NY & PA briefs

COVID-fighting robots in Wayne County, NYS Regents canceled and more

What's new in the Upper Delaware region November 12-18

Posted

PA Republicans asked AG Shapiro to recuse self

WASHINGTON, D.C. — As President Donald Trump pursues legal challenges to the election results in Pennsylvania, nine Pennsylvanian, Republican members of the U.S. House of Representatives are urging Attorney General Josh Shapiro, who won reelection to a second term in this year’s election, to recuse himself in any of the election-related cases.

The representatives signed a letter, saying that there is a “conflict of interest created by Attorney General Shapiro’s dual role as political candidate and a neutral arbiter.”

“The citizens of the United States, not media outlets, determine the outcome of elections,” Rep. Fred Keller (PA-12) said in the letter. “With recounts and legal challenges expected, we must let the process play out. Count every legal vote.”

New York cancels Regents

NEW YORK STATE — NYS Interim Commissioner of Education Betty Rosa has announced that the state is canceling its January 2021 high school Regents testing due to the COVID-19 pandemic. The cancellation applies to all Regents exams that had been scheduled for the January 2021 examination period.

“We determined the January Regents exams could not be safely, equitably and fairly administered across the state given where the pandemic currently stands,” Rosa said.

A number of teachers union and alliances have thanked Rosa and the Board of Regents for the decision. The Alliance for Quality Education said that the Regents exams should be reevaluated in general, and that New York should “move toward more student-centered and culturally responsive pathways to graduation.”

Wayne Memorial unveils disinfecting robots

HONESDALE, PA — Wayne Memorial’s Environmental Services Department has two new “employees,” Ultraviolet-C germ-killing robots. The machines’ light “sweeps” a room and destroys 99.9 percent of the bacteria and spores left in the room after patient discharge. 

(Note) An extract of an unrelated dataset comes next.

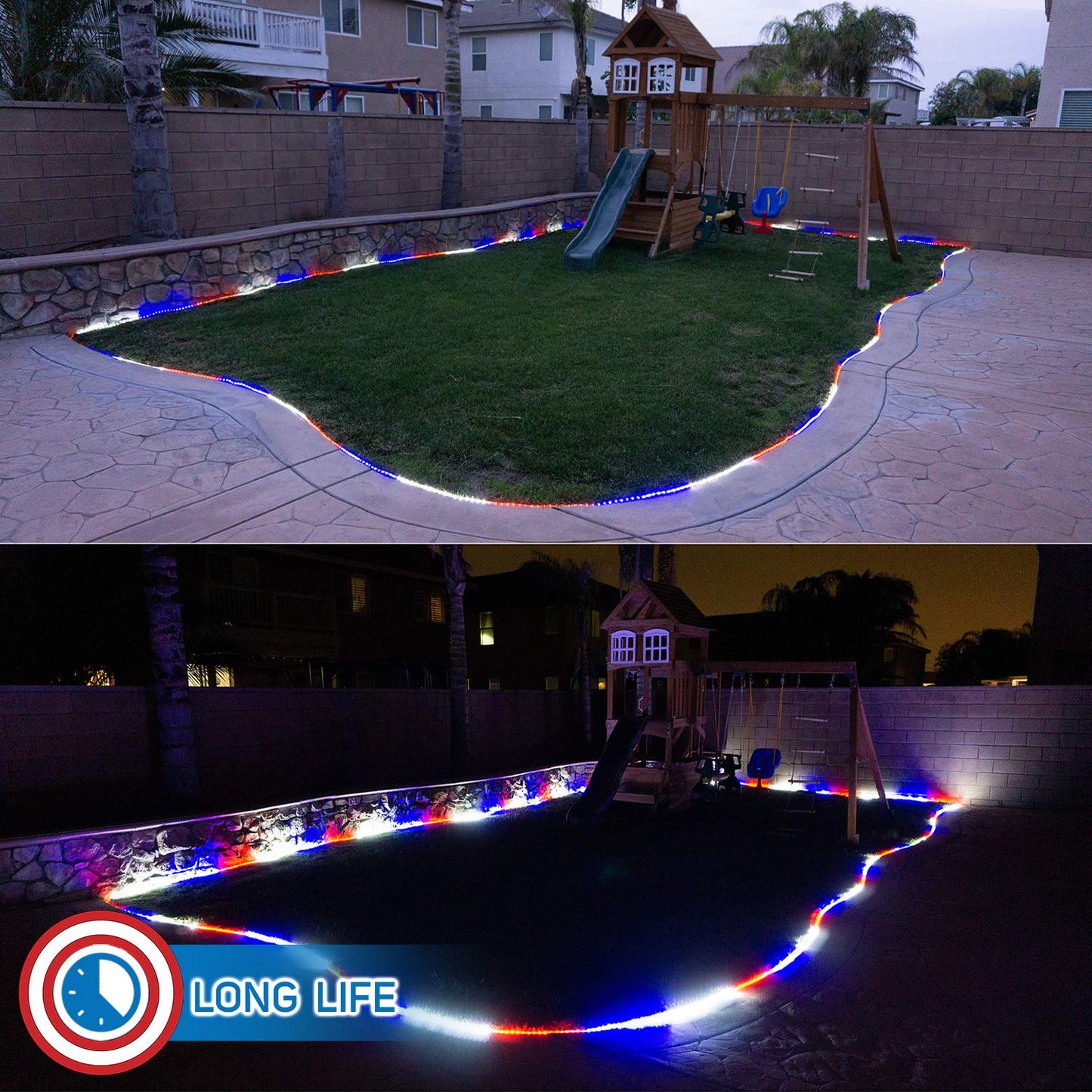 Russell Decor Patriotic Rope Lights, 30 Feet, Red White Blue, Plastic, Model RDROPERWB30, Ideal for Independence Day, Memorial Day, Veterans Day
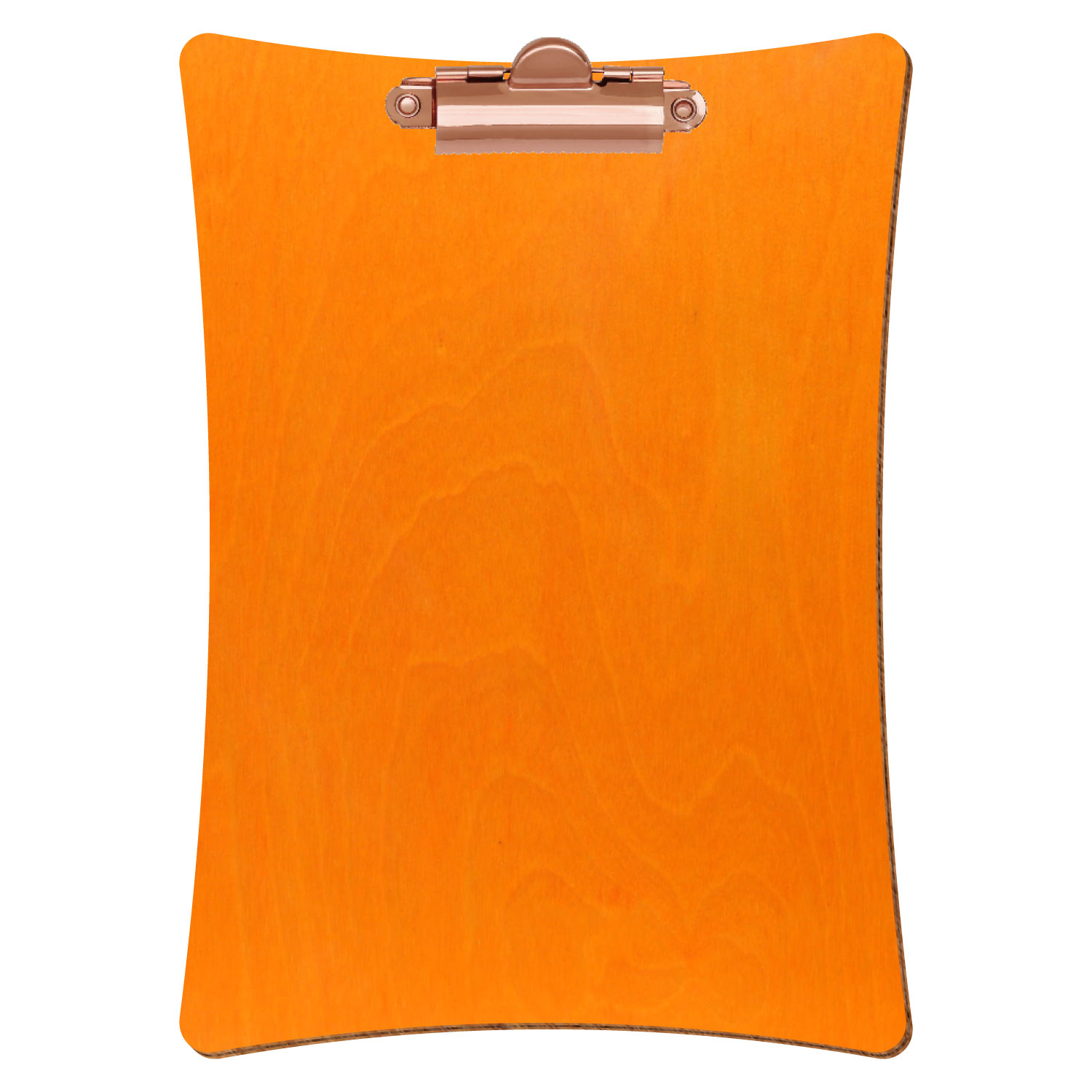 Bütic Holz-Klemmbrett konkav -orange- A5 hochkant mit roségoldener Zahnklemme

The company’s recent studies show “its patented Sensor360 technology is effective for inactivation of the SARS-CoV-2 virus on hard, nonporous surfaces.”  SARS-CoV-2 is the virus that causes the novel coronavirus (COVID-19).

 “These machines are very easy to use, effective, chemical-free and safe,” said Michelle Miller, manager of Environmental Services. “They can be set to kill bacteria as well as spores like C-Diff (Clostridioides difficile), and we plan to use them throughout the hospital.”

John Conte, director of Facility Services, said the hospital has been using UVC light in its air handling system for years. 

“We have a relatively low infection rate,” said Conte and Miller, “and we want to keep it that way.”

Fire at a hemp processing facility

LEBANON TOWNSHIP, PA —  A hemp processing facility on State Route 191 between Honesdale and Rileyville was damaged by a fire on the morning of Friday, November 6. The “fully-involved” commercial structure fire began at around 10 a.m.

The Equinunk Volunteer Fire Company was dispatched to the scene and additional units were requested. Damascus EMS, Cottage EMS, Callicoon Fire, Northern Wayne Fire, Honesdale Fire, White Mills Fire, Hawley Fire, Pleasant Mount Fire, Seelyville Fire and Wayne County EMA. Stand-by departments at fire houses in the area and The Salvation Army for Rehab also assisted.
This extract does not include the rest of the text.